Nothing but the lines from the top of the data to the line holding "Wildflower Baptism Favors - The Dancing Wick" should be printed, word for word and both ends included; leave the pictures out.

Scraped caption text data
******************************
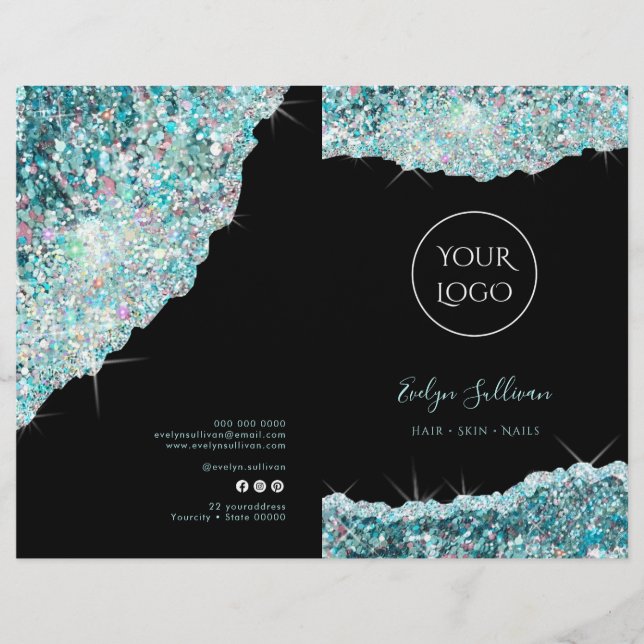 Faux teal glitter service menu brochure (Front)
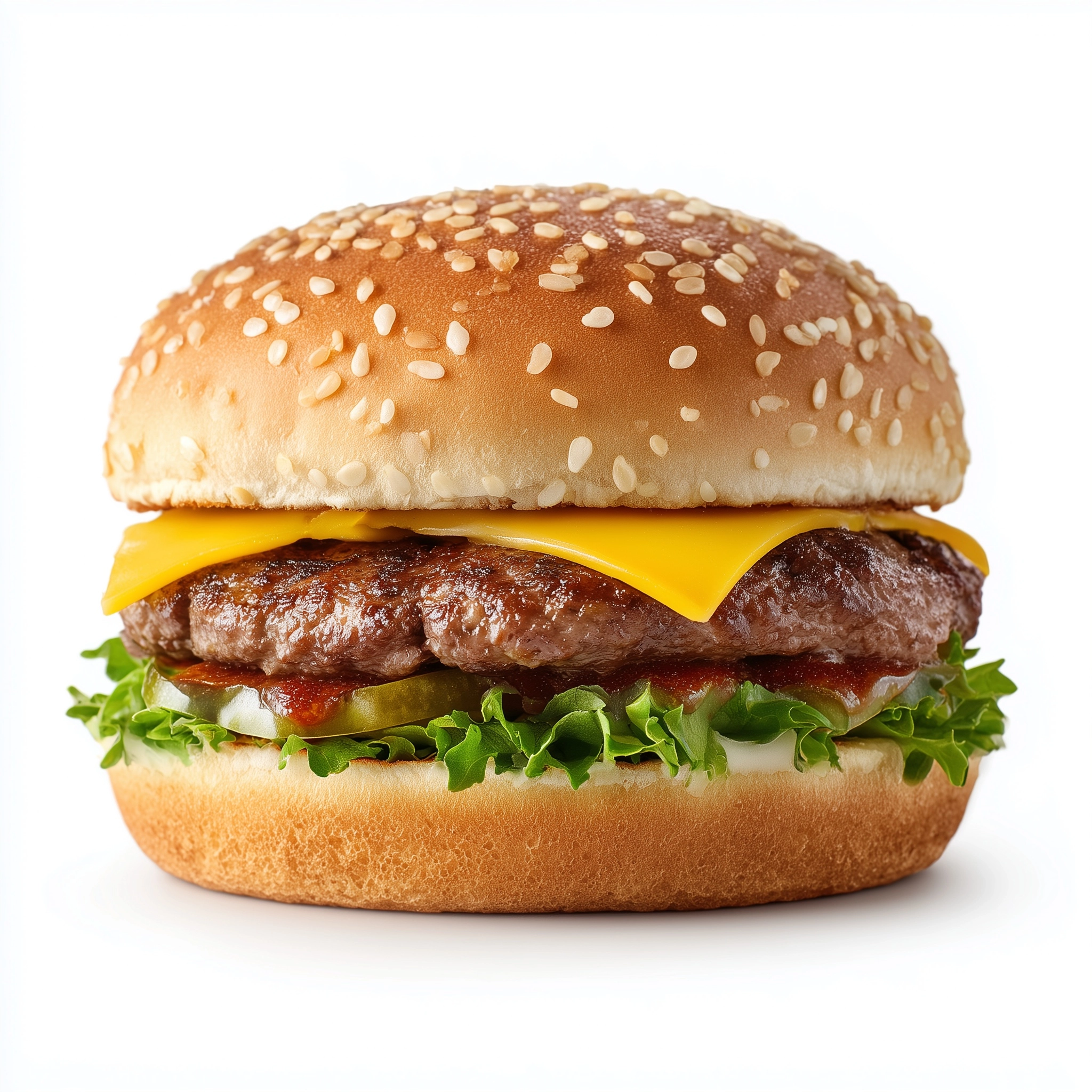 An ultra-realistic front-view photo of a delicious burger patty, with the top bun raised above it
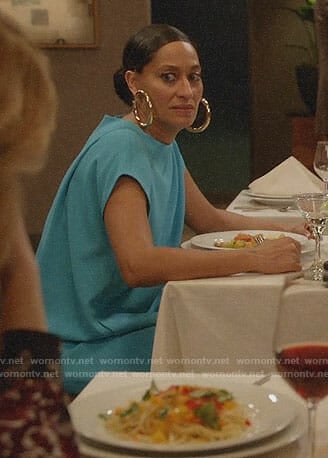 Bo's turquoise blue date night dress on Black-ish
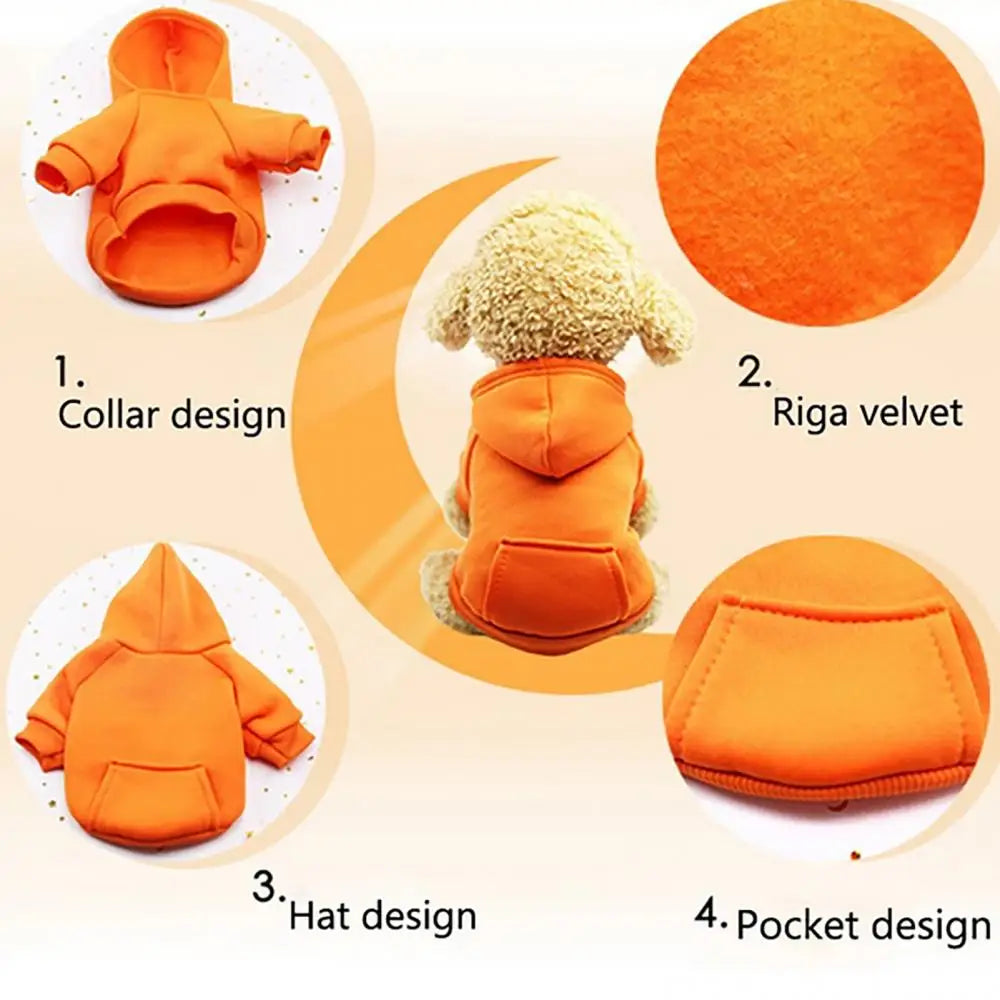 Warm Winter Fleece Dog Hoodie & Cute Puppy Sweatshirt Apparel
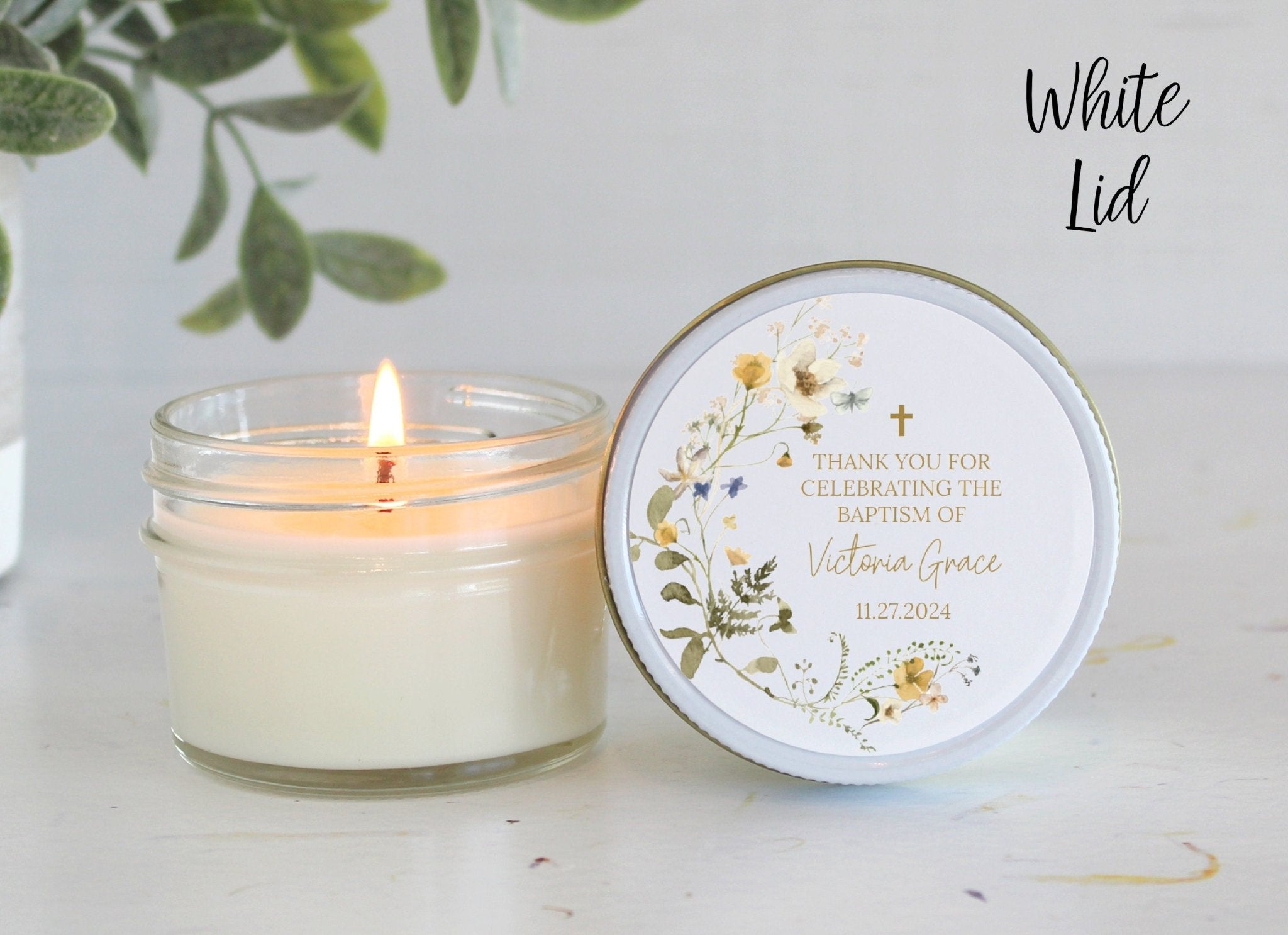 Wildflower Baptism Favors - The Dancing Wick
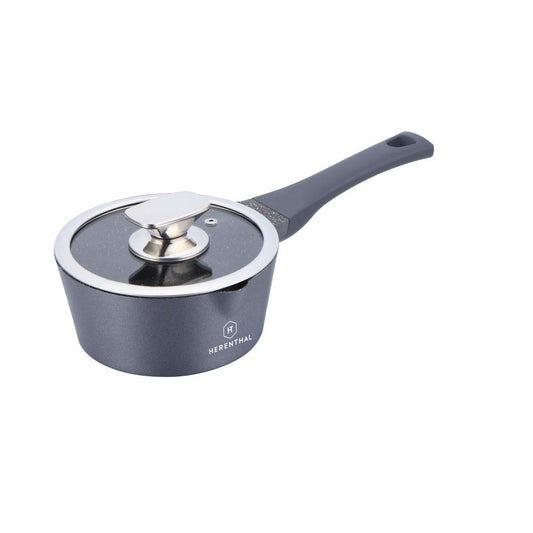 Herenthal 16cm Greblon C3+ Non-Stick Coating Sauce Pan - Silver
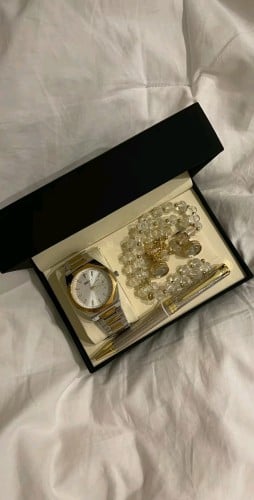 طقم ساعه رجالي ملكي ذهبي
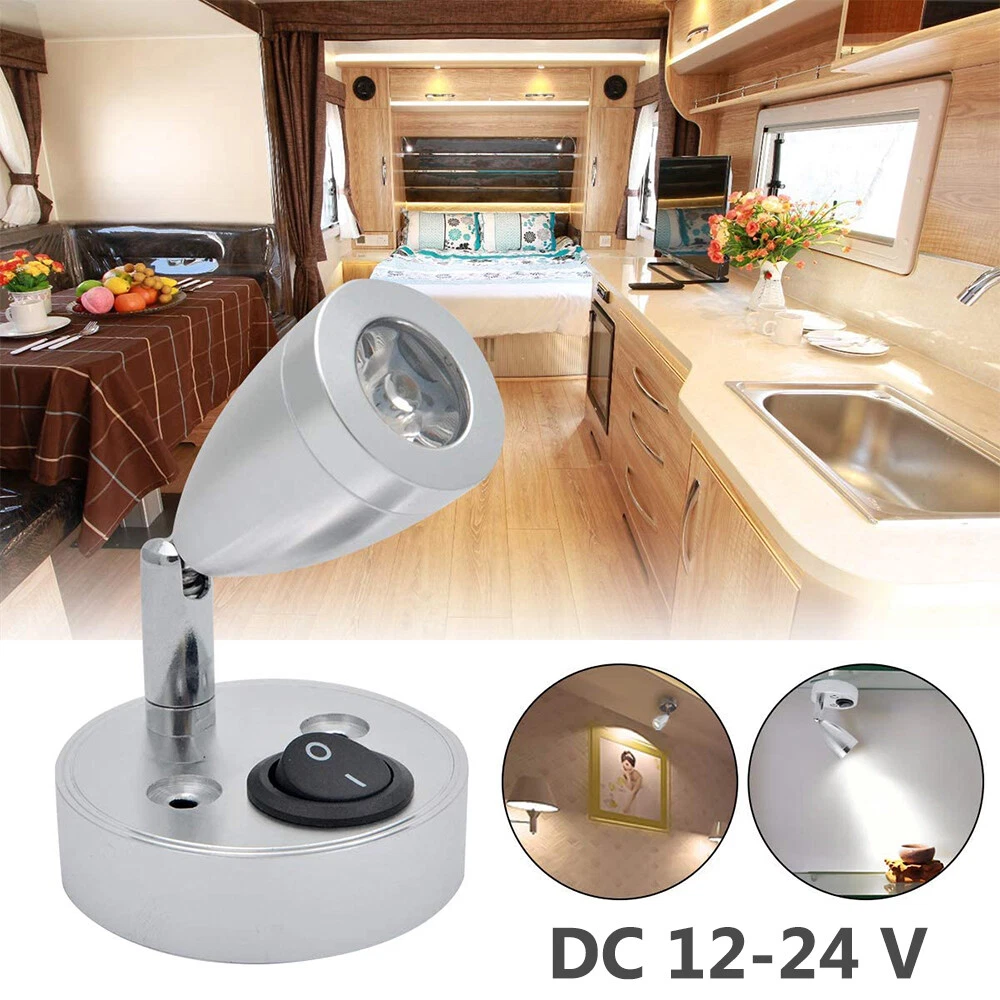 3Color LED RV Interior Spotlight Reading Lamp USB Port Wall Light Van Caravan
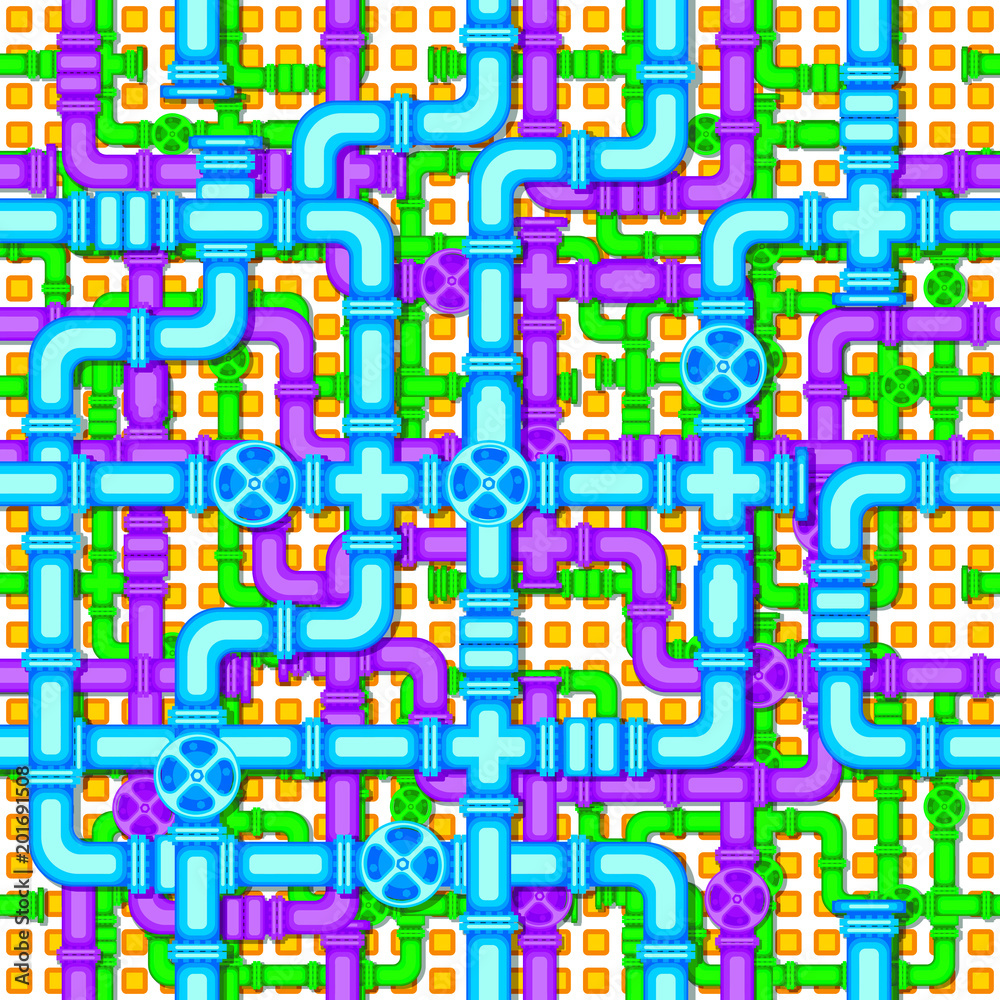 Seamless pattern with the image of valves, and interlacing of pipes, for use as a background and other purposes. Seamless pattern with the image of valves, and interlacing of pipes, for use as a background and other purposes.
******************************
**ANSWER BOX:**
 Faux teal glitter service menu brochure (Front)
 An ultra-realistic front-view photo of a delicious burger patty, with the top bun raised above it
 Bo's turquoise blue date night dress on Black-ish
 Warm Winter Fleece Dog Hoodie & Cute Puppy Sweatshirt Apparel
 Wildflower Baptism Favors - The Dancing Wick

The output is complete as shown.